Edward Winslow (February 20, 1746 or 1747 - May 13, 1815) was a loyalist officer and New Brunswick judge and official.

Edward Winslow was born in Plymouth, Massachusetts in 1746 or 1747, a descendant of Mayflower Pilgrim Edward Winslow and the son of Edward Winslow (scholar). He studied at Harvard College, graduating in 1765 with an MA. After graduation, as the political tension escalated between Great Britain and its North American colonies over issues such as trade, taxation, and governance, Winslow publicly put his support behind Massachusetts Governor Thomas Hutchinson and helped create "a company of Tories" in an effort to keep the peace. By 1774, Winslow was forced to flee Plymouth, and in April 1775, as a member of the British Army, he was involved in a bloody confrontation at Lexington against the Patriot militia. In March 1776, he retreated along with the British troops to Halifax, and by July had been appointed muster master general for the Loyalist forces. (He was subsequently named in the Massachusetts Banishment Act of 1778.)
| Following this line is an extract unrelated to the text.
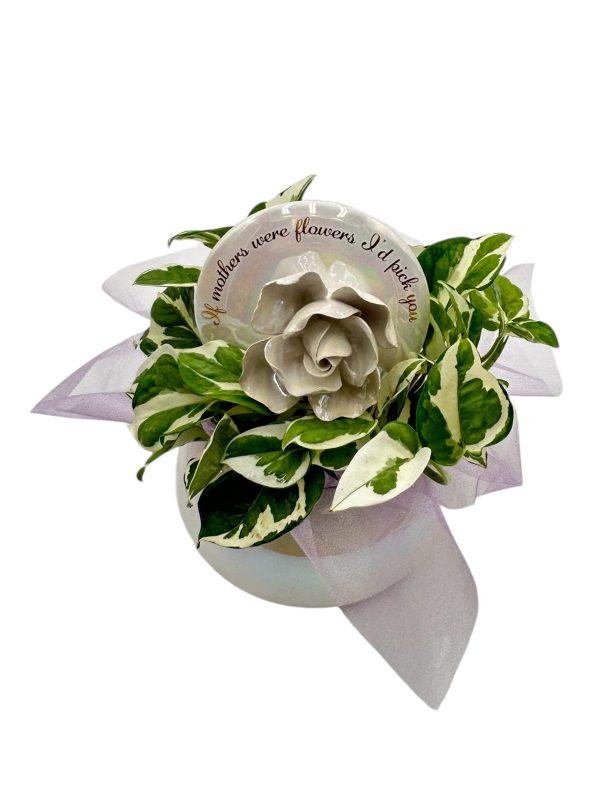 Keepsake Planter With With Njoy Pothos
After the Patriots' victory was secured in 1783, Winslow and his fellow Loyalists were essentially reduced to the status of refugees. He moved his family to Granville in Annapolis County, Nova Scotia, but spent most of his time in Halifax making plans for the settling of Loyalists throughout Nova Scotia. Frustrated with the efforts of the Nova Scotia authorities at settling the approximately 35,000 Loyalists, Winslow began to advocate for the creation of a separate colony in the area north of the Bay of Fundy. In 1783 he was named secretary to Brigadier-General Henry Edward Fox, who was sympathetic to Winslow's proposal. The British government approved the creation of a new colony, called New Brunswick, in June 1784.
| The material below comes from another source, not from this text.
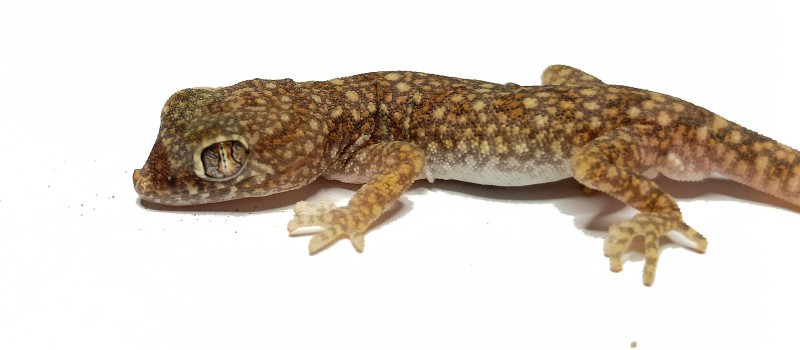 Stenodactylus sthenodactylus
Winslow and his family spent a few months in Saint John, New Brunswick, in 1785, before moving to Fredericton. In 1787 Winslow's mother and sisters (his father Edward Sr. died in 1784 and was buried in the Old Burying Ground (Halifax, Nova Scotia)) joined them. Before his appointment to the New Brunswick Supreme Court in 1807, Winslow served in a number of government posts: surrogate general, judge of the inferior court of common pleas, muster master of the King's New Brunswick regiment, secretary to the International Boundary Commission, and deputy surveyor of the King's Woods. Despite the relative financial ease that his position with the New Brunswick Supreme Court offered him, Winslow's family endured financial hardships up until the time of his death. He died in 1815 in Kingsclear, New Brunswick.

== Family ==
It was during the war that Winslow met his future wife Mary Symonds, and by 1783 they had three children: Daniel Murray (1777-1814), Chipman (1778-1783) and Mary (1779-1843). Nine children followed: Penelope (1783-1836), John Francis Wentworth (1783-1859), Thomas Aston Coffin (1784-1810), Edward (1785?-1820), Hannah (b.1788?), Sarah Ann (1790-?), Christianna (1791-1814), Eliza Chipman (1794-1854), and Catherine (1799-1805).